### GIVEN INFORMATION ###

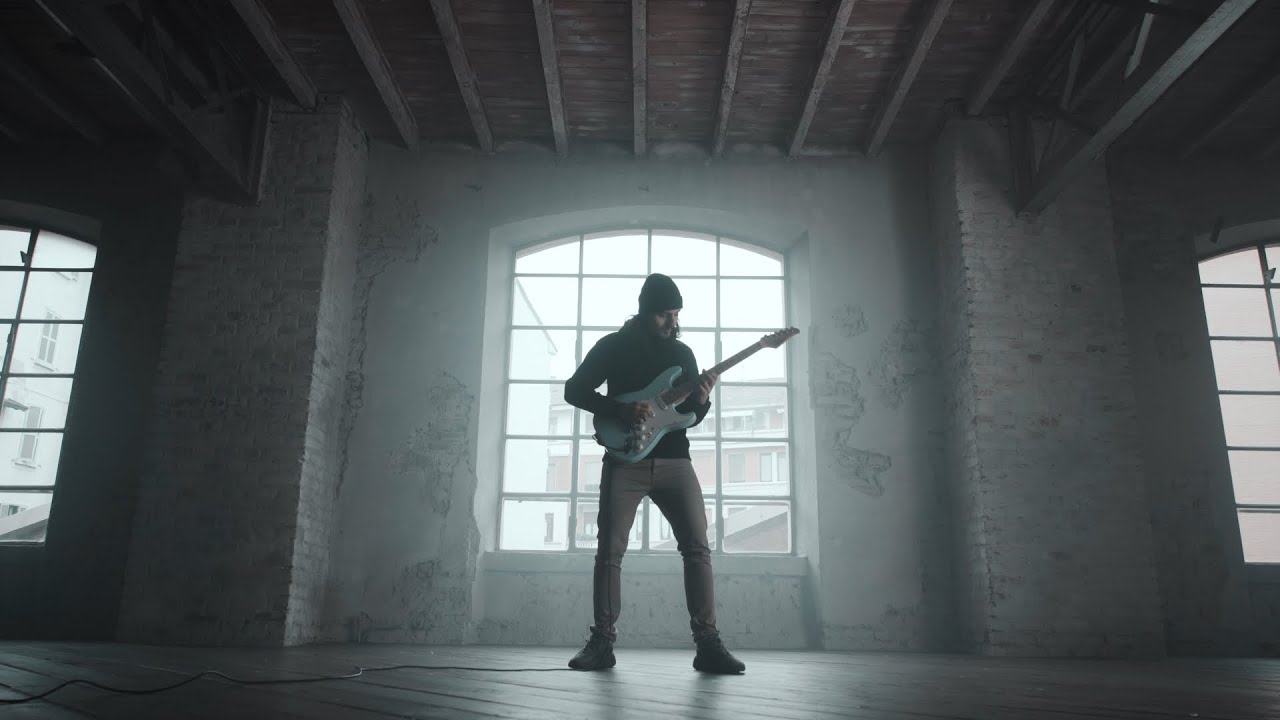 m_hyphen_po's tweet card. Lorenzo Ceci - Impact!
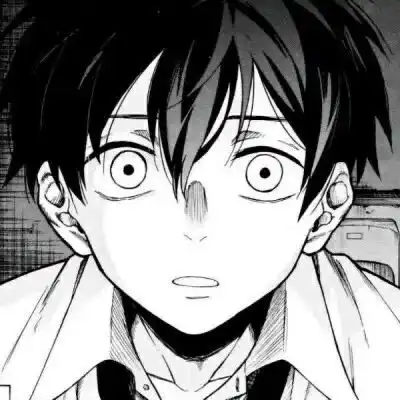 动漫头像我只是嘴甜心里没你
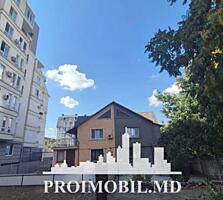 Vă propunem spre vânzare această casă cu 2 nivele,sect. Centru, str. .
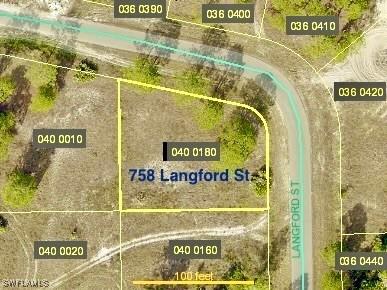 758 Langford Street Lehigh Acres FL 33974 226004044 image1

###

* YOUR INSTRUCTIONS
Starting at the line that contains "Vă propunem spre", retype each line through the end of the data exactly, and leave out every picture.

* RESPONSE
 Vă propunem spre vânzare această casă cu 2 nivele,sect. Centru, str. .
 758 Langford Street Lehigh Acres FL 33974 226004044 image1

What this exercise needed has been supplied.